When you steer, you begin to move around a circle with a particular radius of curvature. This means you also begin to experience centrifugal force.
$$ F_c = mv^2/r $$
where $F_c$ is the centrifugal force, $m$ is the mass, $v$ is the speed, and $r$ is the radius of curvature.
Now, you have a force. It acts through the center of mass of the vehicle. If the center of mass is at some height $h$ above the surface, then you get a torque in addition to the force, where:
$$ \tau_c = F_c h $$
where $\tau_c$ is the torque on the vehicle caused by the centrifugal force and $h$ is the height above the road.
Now, the centrifugal force is free to increase until one of two things happens:
- The centrifugal force exceeds the static force between the tires and the road. Once this happens the tires "break loose" and the vehicle begins to "drift".
- The torque exceeds the torque required to rotate the vehicle. Once this happens the vehicle rolls over.
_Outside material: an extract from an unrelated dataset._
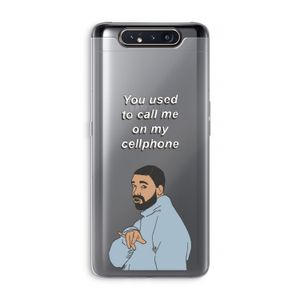 Hotline bling: Samsung Galaxy A80 Transparant Hoesje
There was a bunch of news coverage maybe 15 years ago when SUVs were first introduced in the US where the vehicles where rolling over a lot. Their center of mass was too high, meaning that the torque on the vehicle was created much earlier (at lower speeds) than drivers were used to.
So, you don't need to slow down at all until the tire's grip is overcome and/or the vehicle begins to roll.